Das im Anschluss vorgestellte Konzept einer persönlichkeitsstärkenden Praxisbegleitung geht von der Grundannahme aus, Bildung sei umfassende Persönlichkeitsbildung, die vornehmlich durch Förderung personaler Kompetenzen sowie von Reflexionsfähigkeit erlangt wird. Bildung zielt dabei auf die drei Grundfähigkeiten Selbstbestimmung, Mitbestimmung und Solidarität ab. Lernende erleben sich hierbei als Betroffene und gleichsam Mitverantwortliche. Kompetenzen wie (Selbst)Kritikbereitschaft, Argumentationsbereitschaft, Empathie sowie die Fähigkeit zu vernetztem Denken sollen gestärkt werden. Auszubildende müssen gestärkt werden „in ihren Widerstandskräften, ihren Selbstschutzkompetenzen und ihrem kritisch-analytischen, gesellschaftlichen Bewusstsein“ (Oelke, 2018*, zit. auf S. 221). Reflexion über die eigene Person, über ethische Fragestellungen sowie über politische Dimensionen sind hierbei Schlüsselelemente und bilden so ein Gegengewicht zur in der Pflege oft beobachtbaren Handlungsorientierung. Winter nennt als drei didaktische Grundsätze ihres Konzepts „Persönlichkeitsbildung als übergreifende Zielbestimmung“, „Nicht widerständige, sondern widerstandskräftige Auszubildende“ sowie die „Stabilisierung Auszubildender durch eine positive, offene Emotionskultur“ (S. 224 – 226).

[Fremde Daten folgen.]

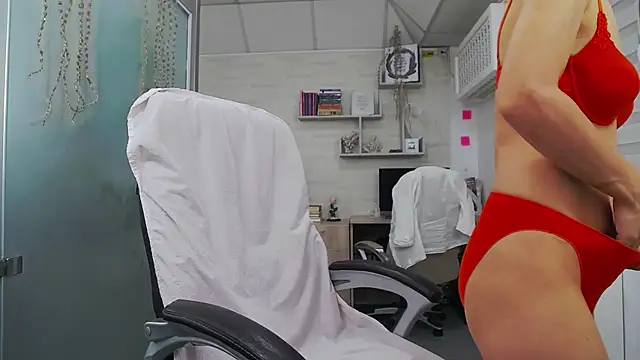 EllaMilf_ live sex cam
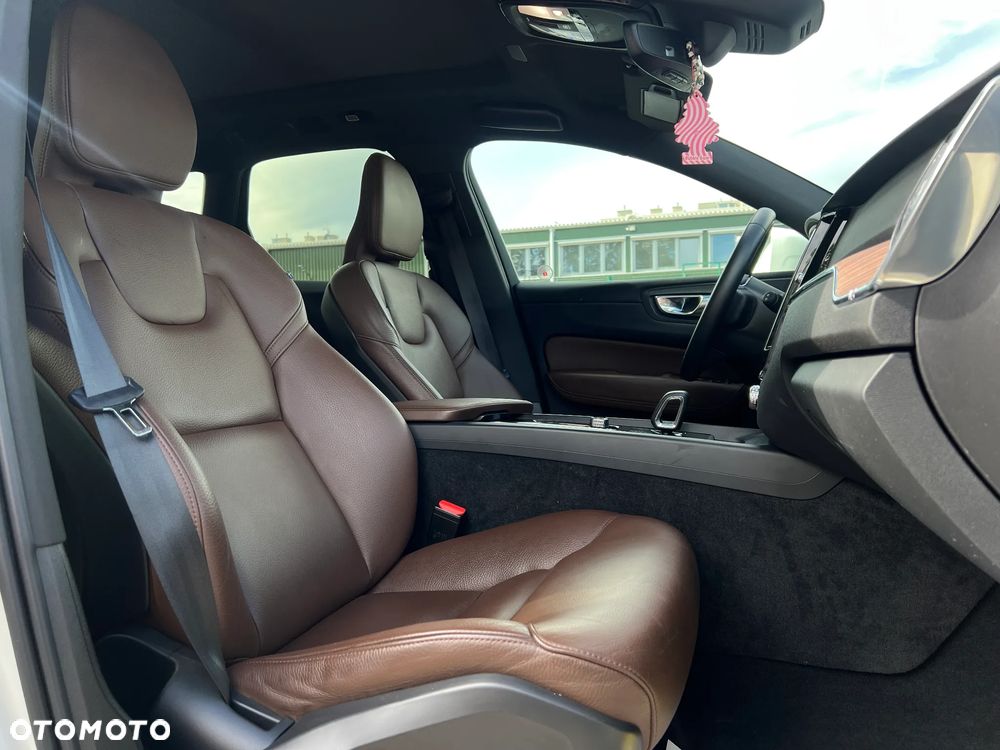 Volvo XC 60 - 28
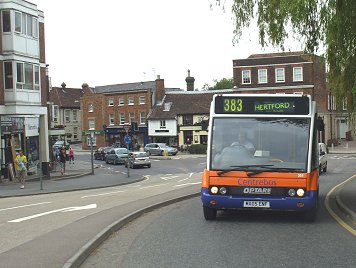 Centrebus Solo 351 on 383, Ware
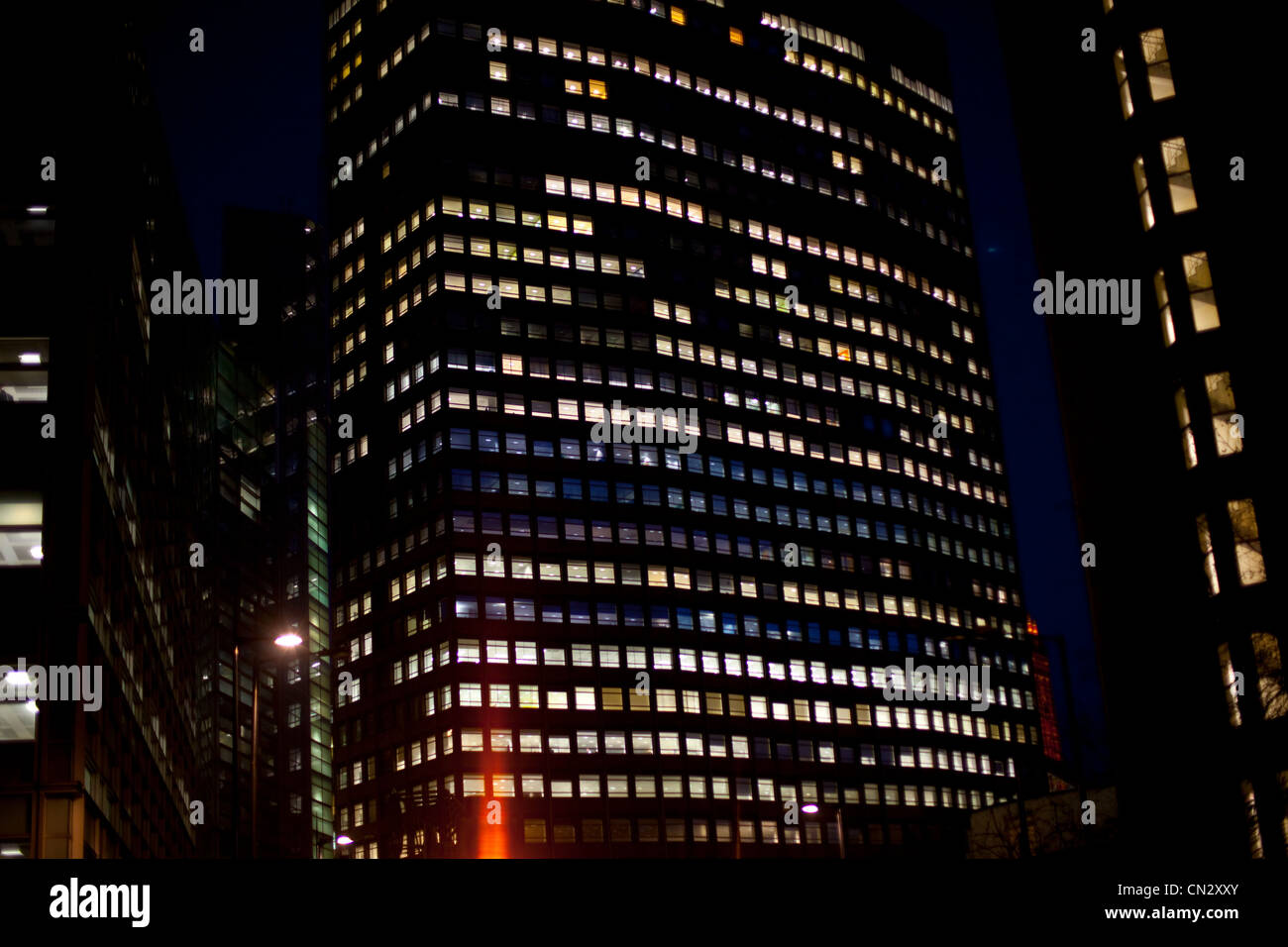 Wolkenkratzer in der Nacht, London, England Stockfoto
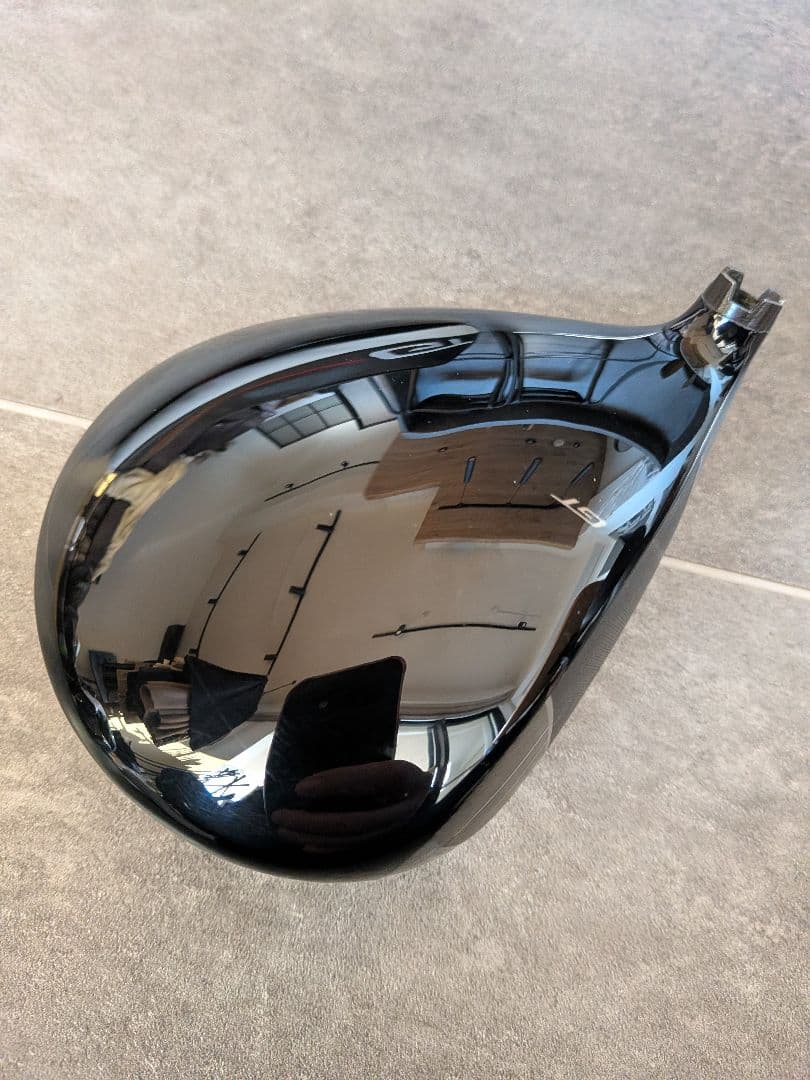 ●概ね美品　日本仕様●タイトリスト　GT3 9度　ドライバーヘッド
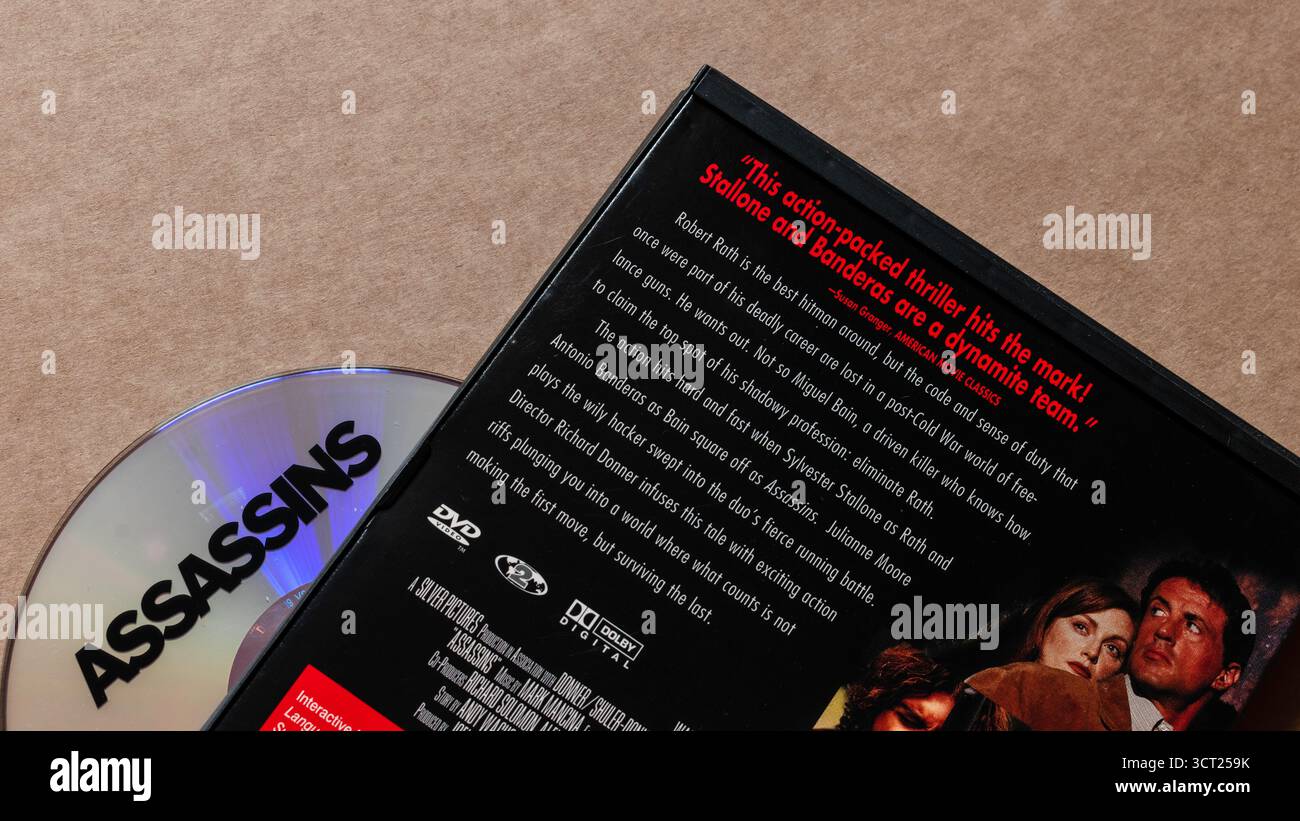 DVD "Assassins" con copertina posteriore con descrizione del film e personaggi principali, isolato su sfondo bianco chiaro Foto Stock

Wer beim Lesen dieses Kapitels nach einem konkreten „Fahrplan“ für diesen Aspekt der Pflegeausbildung sucht, der wird nicht fündig werden. Die Autorin erarbeitet anhand der Belastungssituationen aus dem empirischen Teil theoriegeleitet Ansätze zum Umgang mit diesen Situationen, die Auszubildende erleben, und gibt Impulse zu verschiedenen Ansätzen der Bearbeitung. Auch die letzten vier Seiten des Buches unter dem Titel „Hinweise zur Umsetzung des Praxisbegleitungskonzepts“ (S. 283 – 286) bleiben eher vage und geben nur allgemeine Hinweise. Hier wäre eine konkrete Handlungsanleitung und evtl. auch tabellarische Darstellung der Umsetzung wünschenswert, aus der Ausbildungsverantwortliche oder Lehrende entnehmen können, wann, in welchem Umfang und mit welchen Ressourcen diese persönlichkeitsstärkende Praxisbegleitung in die Ausbildung integriert werden kann.

Die Lektüre dieses Buches ist kurzweilig und spannend, Erinnerungen an die eigene Pflegeausbildung werden wach. Es wird ganz klar bewusst, welch große Herausforderung eine gelungene Pflegeausbildung darstellt, die Pflegepersonen ermächtigt erlebte Belastungen wahrzunehmen, zu reflektieren und in geeigneter Art und Weise damit umzugehen ohne entweder daran zu zerbrechen oder unerreichbar für die Nöte der zu Pflegenden zu werden. Es ist allen in Ausbildungen der Gesundheitsberufe Tätigen – sei es in der Theorie oder in der Praxis – zu empfehlen!

Eine Rezension von Dr. Christine Rungg


* Oelke, Uta (2018). Szenisches Lernen an der Hochschule. In: Sahmel, Karl-Heinz (Hrsg., 2018): Hochschuldidaktik der Pflege und Gesundheitsfachberufe. Berlin: Springer Verlag, 143-153.